A very slippery hike !
The falls were impressive
Some smaller falls further south


Futaleufeu was an easy drive and with better weather predicted there we made for this quaint little town near the Argentine border. The vehicle needed an airing out in some hotter weather after days of mist and light rain – any regular  campers will know the feeling! The Futaleufu excursion was not just for the weather but also to soak up what is one the Carretera’s most popular “detour” drives and to take the opportunity to speak to border agents about the status (now and in December ) of the crossings to Argentina. The earlier good news we had heard about ALL frontier posts being open as of December 1 appears to have been a miscommunication so we needed factual and accurate information straight from the horses mouth so to speak. Absent more border posts opening in the south we would not simply be doing the Carretera Austral southbound but in all likelihood northbound as well making for a very circuitous route to southern Chile and Argentina.

Scenery got more interesting after the Futaleufu turn-off
Typical of the narrow one way bridges
Visibility had improved enough to see the tops of the mountains

Futaleufu was predictably charming – an outdoorsy rafting/hiking/biking mecca, the town also had some great coffee shops and excellent food. Pizza de Fabio was highly recommended for his artisanal pizza and Fabio did not disappoint! 

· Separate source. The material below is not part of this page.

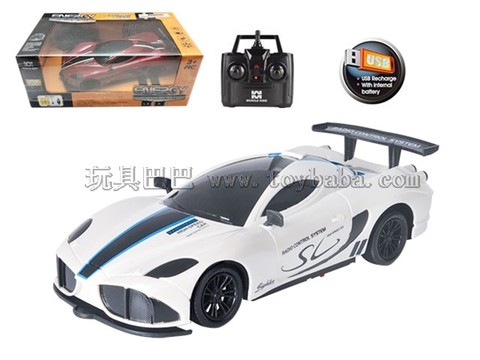 Remote control car 2.4G four-way USB charging remote control modified muscle car (headlight) 1:18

Lois with Fabio, owner of Pizza de Fabio. The Pizza Andina was delicious, washed down with ( what else ? ) an Austral beer !
First stop next day – a coffee shop recommended for its cappuccinos ( Lois’s favorite )
Took advantage of the wind and sunshine to air out our bedding . Things can quickly get damp in Patagonia regardless of the season.
And there is that name again

The Chileans have a great sense of humour – loved this sign in a shop we visited 😊

So we had the delicious cappuccino and then “cleansed” ourselves ! Hint: “propina” means tip !

Following our discussion with the Aduana ( border officers ) in Futaleufu there was cause for optimism that at least one Chilean/Argentine border in the south will open by January 1 (currently none are ). In the week ahead there will be time to work that into our travel plans such that we can, very hopefully, still make it all the way to our goal of reaching Tierra Del Fuego.